The house was full of happy voices and glittering clothes. My mother was in the kitchen, with a single streak of her hair on her cheek, and her eyes reminded me of an ocean, I had seen only once in my entire life.
She was busy preparing dinner with my aunt the way things, just as it used to be, even before I was born. I could see she was genuinely happy. She was a gentle lady and smiled very politely.
I reached out to her hugging her from behind. She took my hand and told me, “Look at these sun-soaked thin hands,” just the way she always said.
After greeting every elder of my family, I went to my room, the one in the right corner of the first floor. The instant punch of nostalgia hit tightly on my face, as I opened the faint brown door of the room. The bed appeared to be done that day itself by someone in the house.
The wall in the front had a vibrant red paint, I always used to adore. The window on the opposite wall had not lost its magic. I could still see the moon in its perfect beauty outside my room. This is how things used to be when I was once a happy child.
I unpacked my stuff and started to put them in my cupboard, a bundle of pages were kept on the top shelf.

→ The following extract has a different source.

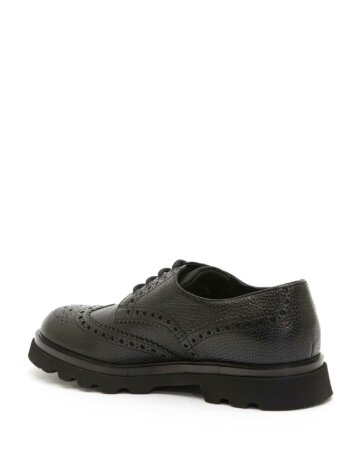DOUCAL'S-DERBY CODA DI RONDINE (GM) ELEN-DODU3225TYLEPF668 NERO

I took them out and sat with them for the next two hours. These were the scrapbooks and drawing sheets of my childhood days.
I used to love moon and pretty skies so much, that I could blue and yellow hues everywhere on the sheets. They had turned pale with time and the corners of the sheets were turned, not how things used to be, earlier.
But, these dull pages means a lot more to me than anything that city life had ever offered me. I packed all these drawing sheets in my bag because I cannot afford to lose my self anymore.
I had always felt a void in that crowded place, believing things can never be they used to be, but with these pretty weird colors, I knew I would be able to fill at least a little bit of that void, just the way it used to be when I was a kid.